Remember, “Just because you can, doesn’t mean you should.”

This simple principle ensures that AI only enhances the segments of service where it adds real value.

Building responsible AI

At Temenos, our focus is on helping wealth managers integrate AI strategically and responsibly to enhance decision-making while preserving the trust that underpins long-term client relationships. Our AI-augmented advisory platform equips advisors with timely, context-rich insights to support more informed conversations and tailored recommendations.

Through secure data orchestration, client information remains protected, ensuring full compliance with regional data privacy and residency regulations. With explainable AI frameworks built into our solutions, every decision path is fully transparent, auditable, and aligned with evolving regulatory expectations.

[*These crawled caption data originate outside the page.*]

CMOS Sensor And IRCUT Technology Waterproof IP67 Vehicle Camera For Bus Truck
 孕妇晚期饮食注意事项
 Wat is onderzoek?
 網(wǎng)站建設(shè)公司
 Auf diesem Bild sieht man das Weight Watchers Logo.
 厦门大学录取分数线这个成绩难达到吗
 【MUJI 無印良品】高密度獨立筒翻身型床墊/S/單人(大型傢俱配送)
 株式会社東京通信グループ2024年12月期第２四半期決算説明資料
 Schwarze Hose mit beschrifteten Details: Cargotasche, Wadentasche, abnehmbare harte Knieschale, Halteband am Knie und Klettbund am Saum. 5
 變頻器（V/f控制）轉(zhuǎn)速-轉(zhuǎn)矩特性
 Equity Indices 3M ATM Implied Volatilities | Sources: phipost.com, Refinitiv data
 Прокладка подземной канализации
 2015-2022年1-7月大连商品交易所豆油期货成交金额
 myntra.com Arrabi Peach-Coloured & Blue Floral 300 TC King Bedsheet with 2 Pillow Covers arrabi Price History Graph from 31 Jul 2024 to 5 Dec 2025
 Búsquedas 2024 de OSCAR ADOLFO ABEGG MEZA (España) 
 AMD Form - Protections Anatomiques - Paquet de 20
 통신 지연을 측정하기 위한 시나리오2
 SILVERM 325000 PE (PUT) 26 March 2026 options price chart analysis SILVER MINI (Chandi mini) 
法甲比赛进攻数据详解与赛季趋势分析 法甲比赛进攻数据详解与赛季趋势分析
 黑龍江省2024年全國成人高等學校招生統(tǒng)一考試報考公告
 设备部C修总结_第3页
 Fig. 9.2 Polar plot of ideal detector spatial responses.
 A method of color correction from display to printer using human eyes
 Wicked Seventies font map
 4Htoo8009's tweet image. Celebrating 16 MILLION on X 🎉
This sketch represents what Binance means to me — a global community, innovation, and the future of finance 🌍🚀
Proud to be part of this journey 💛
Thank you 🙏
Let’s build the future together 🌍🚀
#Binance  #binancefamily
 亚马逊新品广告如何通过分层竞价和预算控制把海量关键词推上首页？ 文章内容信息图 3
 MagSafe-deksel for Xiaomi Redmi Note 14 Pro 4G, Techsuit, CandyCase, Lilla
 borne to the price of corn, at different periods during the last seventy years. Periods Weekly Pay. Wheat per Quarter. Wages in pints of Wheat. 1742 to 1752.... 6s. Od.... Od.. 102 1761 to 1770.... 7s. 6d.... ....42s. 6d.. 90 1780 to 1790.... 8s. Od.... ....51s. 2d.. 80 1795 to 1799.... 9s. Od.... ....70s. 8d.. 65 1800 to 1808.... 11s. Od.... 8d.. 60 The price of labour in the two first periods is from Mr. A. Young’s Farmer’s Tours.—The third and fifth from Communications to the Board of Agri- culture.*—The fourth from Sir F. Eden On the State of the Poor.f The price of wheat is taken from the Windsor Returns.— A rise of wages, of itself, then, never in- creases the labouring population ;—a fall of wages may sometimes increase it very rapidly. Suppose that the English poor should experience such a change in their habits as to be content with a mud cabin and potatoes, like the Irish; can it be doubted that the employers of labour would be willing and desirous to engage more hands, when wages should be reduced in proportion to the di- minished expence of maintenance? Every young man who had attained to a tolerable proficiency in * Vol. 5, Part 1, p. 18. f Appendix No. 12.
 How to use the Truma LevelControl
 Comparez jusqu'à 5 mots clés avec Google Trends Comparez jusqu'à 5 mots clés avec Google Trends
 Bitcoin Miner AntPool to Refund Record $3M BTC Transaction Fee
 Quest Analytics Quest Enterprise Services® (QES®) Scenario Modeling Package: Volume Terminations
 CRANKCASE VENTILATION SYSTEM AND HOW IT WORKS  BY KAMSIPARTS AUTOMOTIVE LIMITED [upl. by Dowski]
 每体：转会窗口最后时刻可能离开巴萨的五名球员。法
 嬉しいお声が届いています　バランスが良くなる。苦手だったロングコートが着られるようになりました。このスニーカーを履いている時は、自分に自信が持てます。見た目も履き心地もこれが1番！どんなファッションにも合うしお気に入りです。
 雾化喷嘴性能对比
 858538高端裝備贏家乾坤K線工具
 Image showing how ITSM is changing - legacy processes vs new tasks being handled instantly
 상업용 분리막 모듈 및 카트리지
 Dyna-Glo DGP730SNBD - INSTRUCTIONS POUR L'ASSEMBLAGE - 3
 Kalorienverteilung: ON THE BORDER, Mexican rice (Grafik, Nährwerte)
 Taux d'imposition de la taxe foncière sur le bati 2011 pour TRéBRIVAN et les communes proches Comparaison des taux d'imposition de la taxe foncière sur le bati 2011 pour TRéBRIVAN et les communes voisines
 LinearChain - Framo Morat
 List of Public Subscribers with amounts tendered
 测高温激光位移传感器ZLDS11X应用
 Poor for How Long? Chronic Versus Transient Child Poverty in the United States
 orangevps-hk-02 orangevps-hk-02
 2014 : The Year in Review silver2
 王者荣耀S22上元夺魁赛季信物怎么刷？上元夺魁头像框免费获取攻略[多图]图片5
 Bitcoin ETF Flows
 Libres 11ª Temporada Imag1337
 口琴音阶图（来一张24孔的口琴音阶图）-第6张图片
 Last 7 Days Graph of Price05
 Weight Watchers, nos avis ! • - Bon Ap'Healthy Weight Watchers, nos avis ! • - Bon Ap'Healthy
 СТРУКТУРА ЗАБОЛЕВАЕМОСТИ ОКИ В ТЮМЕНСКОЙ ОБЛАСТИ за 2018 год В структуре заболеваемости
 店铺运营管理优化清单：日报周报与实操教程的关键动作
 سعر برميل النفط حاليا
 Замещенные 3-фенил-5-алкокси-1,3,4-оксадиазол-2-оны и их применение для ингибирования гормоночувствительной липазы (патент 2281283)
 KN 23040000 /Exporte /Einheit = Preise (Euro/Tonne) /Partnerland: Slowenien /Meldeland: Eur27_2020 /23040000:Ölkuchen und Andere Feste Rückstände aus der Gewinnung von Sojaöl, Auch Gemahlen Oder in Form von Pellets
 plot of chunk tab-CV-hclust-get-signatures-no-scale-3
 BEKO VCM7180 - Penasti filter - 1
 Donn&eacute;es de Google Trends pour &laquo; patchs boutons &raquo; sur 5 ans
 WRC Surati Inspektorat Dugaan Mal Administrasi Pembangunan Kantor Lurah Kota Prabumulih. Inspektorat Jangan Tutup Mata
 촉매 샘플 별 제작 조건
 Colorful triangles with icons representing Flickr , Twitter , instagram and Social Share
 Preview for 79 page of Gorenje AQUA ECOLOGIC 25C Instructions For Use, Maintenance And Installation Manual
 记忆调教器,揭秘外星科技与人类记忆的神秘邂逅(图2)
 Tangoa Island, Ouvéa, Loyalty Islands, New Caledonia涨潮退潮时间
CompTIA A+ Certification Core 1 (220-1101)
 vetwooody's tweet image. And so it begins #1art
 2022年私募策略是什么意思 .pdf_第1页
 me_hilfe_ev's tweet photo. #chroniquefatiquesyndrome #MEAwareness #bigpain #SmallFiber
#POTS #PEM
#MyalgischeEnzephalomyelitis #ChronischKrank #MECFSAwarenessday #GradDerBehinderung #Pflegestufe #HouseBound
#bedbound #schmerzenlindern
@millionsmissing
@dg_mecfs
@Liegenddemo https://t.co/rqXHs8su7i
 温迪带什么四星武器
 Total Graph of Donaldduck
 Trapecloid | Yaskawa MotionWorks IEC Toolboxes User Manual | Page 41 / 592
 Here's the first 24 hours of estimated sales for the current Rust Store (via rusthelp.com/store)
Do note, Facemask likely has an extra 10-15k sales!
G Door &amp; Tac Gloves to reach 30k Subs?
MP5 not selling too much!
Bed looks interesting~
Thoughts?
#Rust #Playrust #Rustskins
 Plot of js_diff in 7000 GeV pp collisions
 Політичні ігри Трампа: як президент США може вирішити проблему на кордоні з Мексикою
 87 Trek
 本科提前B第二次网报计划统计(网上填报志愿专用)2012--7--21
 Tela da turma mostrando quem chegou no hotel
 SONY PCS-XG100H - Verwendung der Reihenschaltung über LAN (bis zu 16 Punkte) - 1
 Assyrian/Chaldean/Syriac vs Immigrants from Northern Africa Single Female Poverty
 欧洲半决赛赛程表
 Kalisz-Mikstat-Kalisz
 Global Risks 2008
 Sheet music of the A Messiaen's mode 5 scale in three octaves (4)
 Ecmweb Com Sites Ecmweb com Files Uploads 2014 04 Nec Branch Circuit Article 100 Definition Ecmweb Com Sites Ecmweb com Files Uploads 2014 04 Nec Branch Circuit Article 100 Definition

This allows wealth managers to adopt innovation confidently, even in highly regulated and rapidly changing markets like APAC and MEA.

AI should amplify advisor expertise, not replace it. AI must be leveraged to give wealth managers the confidence to deliver personalised service at scale while reinforcing the credibility that drives client loyalty.

Wealth providers face a fork in the road. AI that simply targets cost efficiency misses the investor’s evolving needs. True success lies in intelligent automation that respects emotional trust. With technology and the ability to swiftly scale trusted service, wealth managers can confidently serve both tech-first and relationship-first clients without compromise.

Final take

The role of AI in wealth management comes down to enhancing the conversations, insights, and experiences wealth managers deliver.

Above all, trust must remain the foundation. By thoughtfully blending human expertise with intelligent automation, wealth managers can serve both established and next-generation clients with confidence, relevance, and scale. For wealth providers in APAC and MEA, the opportunity is here.